Prize money distribution
| Category | Prize |
|---|---|
| Club Championship | $20,000,000 |
| Game Championships | $33,800,000 |
| Qualifiers | $7,600,000 |
| MVP Awards | $1,100,000 |

Club Championship prize money distribution
| Pos. | Team | Prize |
| 1 | Team Falcons | $7,000,000 |
| 2 | Team Liquid | $4,000,000 |
| 3 | Team BDS | $2,000,000 |
| 4 | Team Vitality | $1,500,000 |
| 5 | T1 | $1,250,000 |
| 6 | FaZe Clan | $1,000,000 |
| 7 | Gaimin Gladiators | $800,000 |
| 8 | Natus Vincere | $600,000 |
| 9 | G2 Esports | $450,000 |
| 10 | Kwangdong Freecs | $350,000 |
| 11 | Toronto Ultra | $250,000 |
| 12 | Twisted Minds | $200,000 |
| 13–15 | MOUZ | $150,000 |
Fnatic
ZETA DIVISION
| 16–17 | Furia Esports | $75,000 |
Weibo Gaming

==Response==

In March 2024, esports organization Ex Oblivione announced their decision not to participate in the Overwatch 2 competition at the 2024 Esports World Cup. The team expressed concerns about the lack of necessary accessibility for all members of their community and the potential exclusion of their fans from participating in the event alongside them. This decision received a mixed response from their followers and the community, with many expressing support for their stance while others criticized the organization.

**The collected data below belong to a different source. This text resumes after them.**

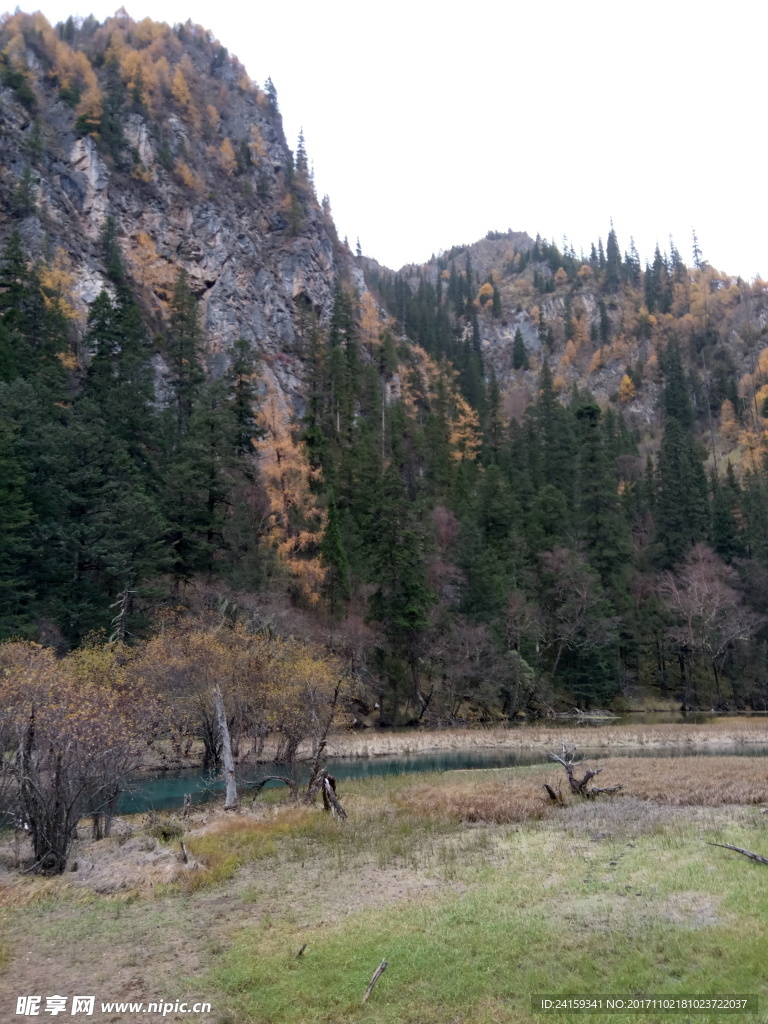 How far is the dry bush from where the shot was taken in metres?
19.4

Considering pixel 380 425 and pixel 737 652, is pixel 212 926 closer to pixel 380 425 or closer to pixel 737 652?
pixel 737 652

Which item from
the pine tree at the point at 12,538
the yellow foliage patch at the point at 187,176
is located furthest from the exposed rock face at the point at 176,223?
the pine tree at the point at 12,538

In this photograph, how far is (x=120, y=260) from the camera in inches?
3145

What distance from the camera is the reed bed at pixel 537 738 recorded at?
4115 cm

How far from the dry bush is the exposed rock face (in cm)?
6302

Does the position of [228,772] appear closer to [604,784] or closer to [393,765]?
[604,784]

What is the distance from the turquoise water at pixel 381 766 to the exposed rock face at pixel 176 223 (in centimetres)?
5346

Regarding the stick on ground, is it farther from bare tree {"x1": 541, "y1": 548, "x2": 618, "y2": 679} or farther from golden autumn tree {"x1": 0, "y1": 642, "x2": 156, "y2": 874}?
bare tree {"x1": 541, "y1": 548, "x2": 618, "y2": 679}

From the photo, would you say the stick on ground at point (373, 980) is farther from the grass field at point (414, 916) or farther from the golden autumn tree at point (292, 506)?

In June 2024, the Esports Awards announced that they would hold a ceremony at the Esports World Cup in Riyadh in late August. The announcement was met with criticism from multiple esports personalities. Additionally, multiple stakeholders and personnel, including esports hosts Caleb Simmons and Alex "Goldenboy" Mendez, resigned from the Esports Awards panel.